Discussion in 'Trumpet Discussion' started by Dutchie, Sep 12, 2010.

  1. Dutchie

    Dutchie New Friend

    Apr 11, 2010
    P.E.I., Canada
    I should have mentioned that I purchase this cornet for $50 as an "experimental" horn. My intention of course is not to destroy it, however in terms of slotting, bracing and all that fun stuff I'm not overly concerned. I'm simply interested in trying my hand a horn modification.

    Chet Fan: Good point. I'll likely pick up a small duffle bag and stuff it with soft material

    Again, this is not meant to be a primary horn. Simply something to pull out for a song or two as an eye catcher at a gig.
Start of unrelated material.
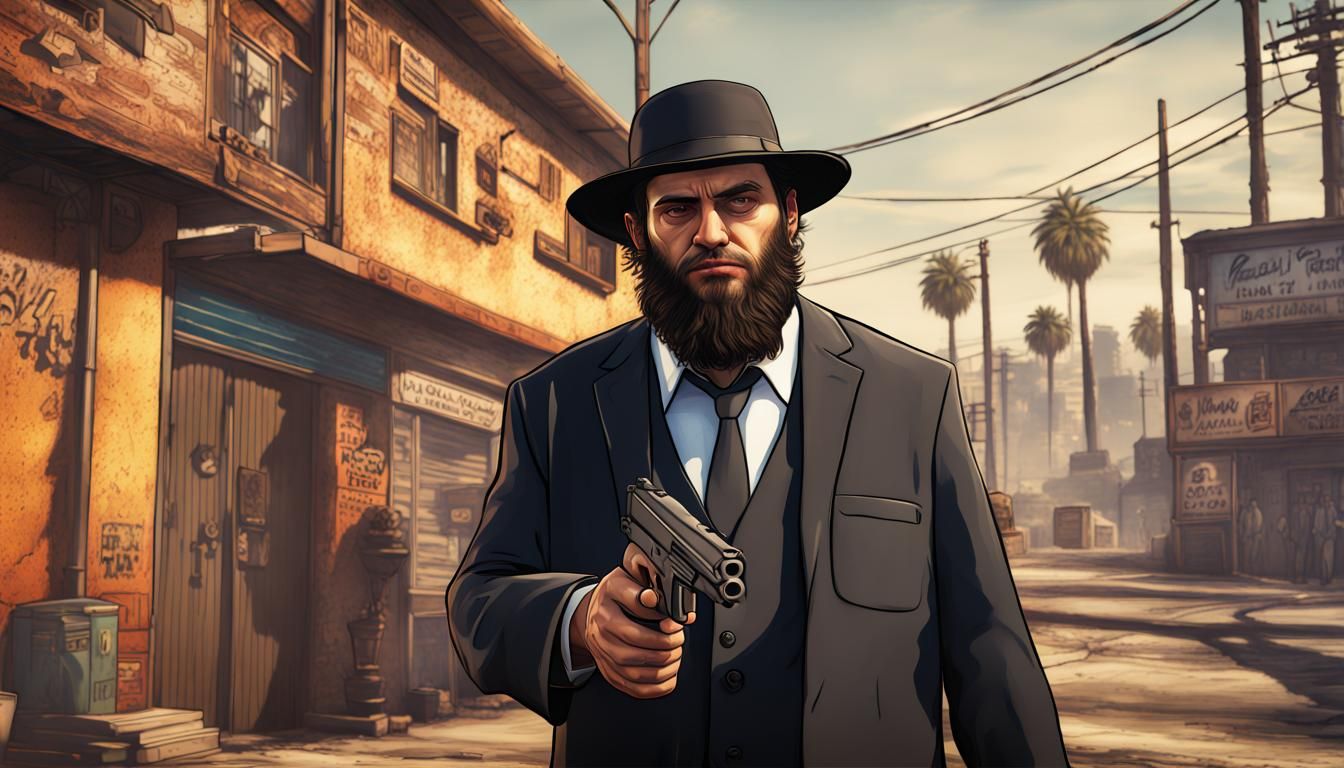 Haredi Jew in GTA 5 Loading Screen Style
    Thanks for all the help!

  2. Markie

    Markie Forte User

    Jan 4, 2009
    Clarksburg, WV
    That's easy, take it to a machine shop. Those guys work with metal on a daily basis and this task is chump work for them. They're your best bet and they'll probably do it for free if you play them a song afterwards. Just let them know how much of a bend you want.
    If you want to do it yourself:
    attach a broom handle to a vise that's firmly secured to a table and insert the broom handle in the bell. Bend slowly to the angle you want. Be careful to not to mis shape the roundness of the bell.
    good luck
  3. Ed Kennedy

    Ed Kennedy Forte User

    Nov 18, 2006
    This isn't machine shop work and if you follow the above it WILL kink. The section of the bell needs to be annealed (heated cherry red and allowed to cool). Then it needs to be filled. Pitch is your best bet, melted and poured (Schilke used this method) into the bell, then bent over a form that has the disired radius. Then you melt the pitch and let it run out. If you heat evenly it will come out in a plug with just a bit of liquid.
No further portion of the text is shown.